Phase portrait on the sphere

Question

I have that $(x,y)\in S^1$, i.e. on the sphere, and in Mathematica, the ODE system

f = x^3 - x y^2 + y^3 ;
xdot = x (-x + f);
ydot = y (x - y + f);
vector = {xdot, ydot};

How can I plot the phase portrait on $S^1$?

I do not know how to plot this in Mathematica.

Of course there is the StreamPlot function and I can do

StreamPlot[{ x (-x + f), y (x - y + f)},{x,-Pi,Pi},{y,-Pi,Pi}]

which gives

But I am only interested in the dynamics which happens directly on $S^1$.

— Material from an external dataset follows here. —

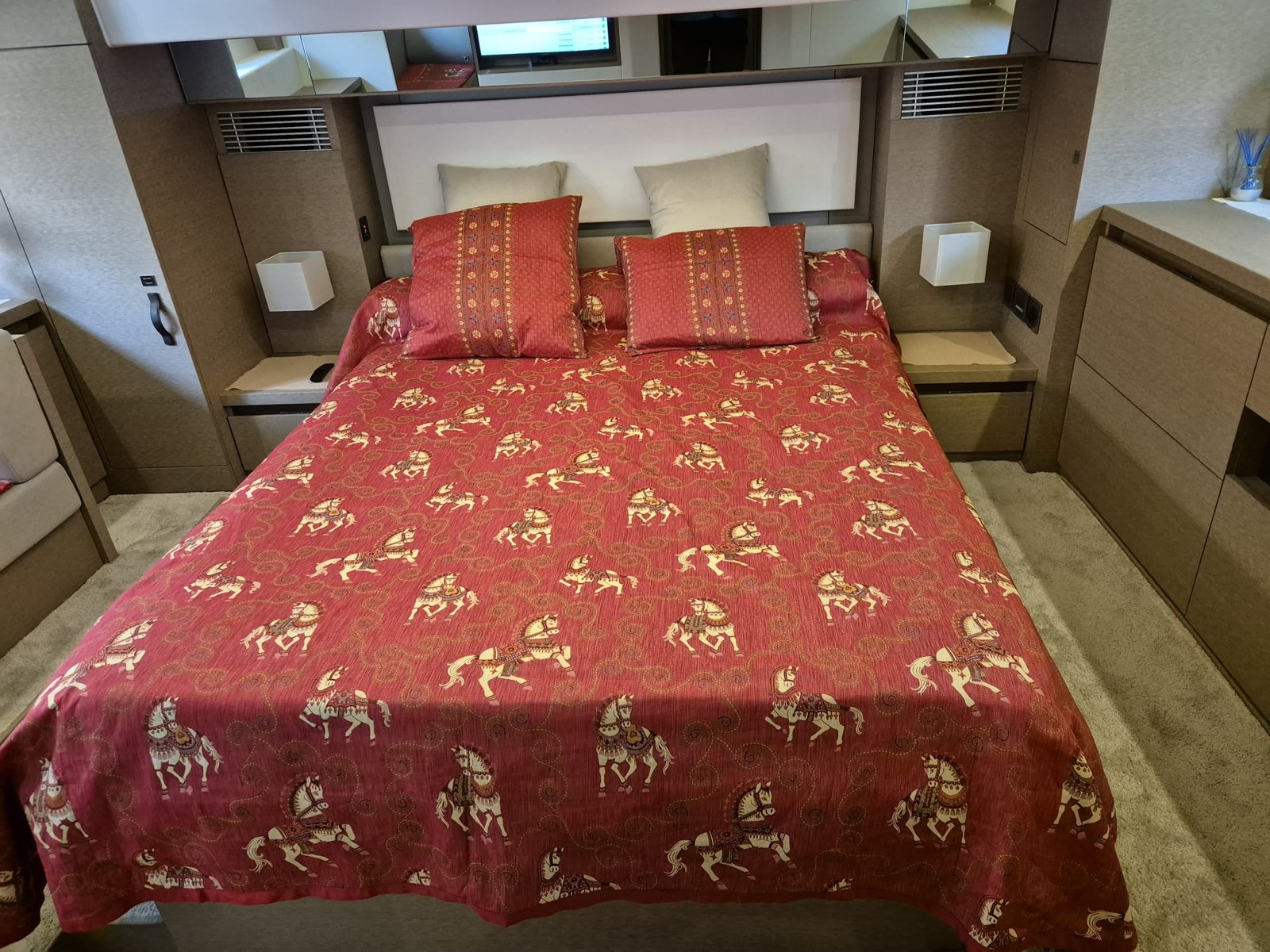 2018 PRESTIGE 460 FLY PRESTIGE 460 FLY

How can I filter that out to get something like sketched here:

enter image description here

interesting! I'm assuming the embedding of $S^1$ you're using here is specifically the unit circle? — thorimur, May 18 '21 at 21:01
I am not sure that I do understand what you mean with embedding of the sphere. — Scuderi, May 18 '21 at 21:06
Well, $S^1$ typically means the circle in the abstract, topological sense. When viewed as a set of points in e.g. the plane, it's called an embedding. So, the unit circle ${(x,y):x^2+y^2=1}$ in the plane is an embedding of $S^1$, roughly. — thorimur, May 18 '21 at 21:10
Yes, then this is what I am thinking of. — Maybe one hast to transform the vector field to polar coordinates with fixed r=1 and then plot this. However, I have no idea how to do this. — Scuderi, May 18 '21 at 21:13
Possible duplication of https://mathematica.stackexchange.com/questions/242377/how-can-i-draw-a-vector-field-on-a-curve — user64494, May 18 '21 at 22:49

thorimur · Accepted Answer · 2021-05-18T22:53:06.957

3

So, one way to do this is to project your vector field (pointwise) onto the vector field that goes around the origin, and then only plot the streams that go through points on the circle—we'll take a few via CirclePoints to be sure we get the whole of the unit circle.

StreamPlot[
 Projection[{x (-x + f), y (x - y + f)}, {-y, x}], {x,-Pi,Pi}, {y,-Pi,Pi},
 StreamPoints -> CirclePoints[10]]

(For some reason, choosing a different number of CirclePoints (e.g. 11) can cause streams to go through points not on the circle. I'm not sure why this happens, and it might be a bug.)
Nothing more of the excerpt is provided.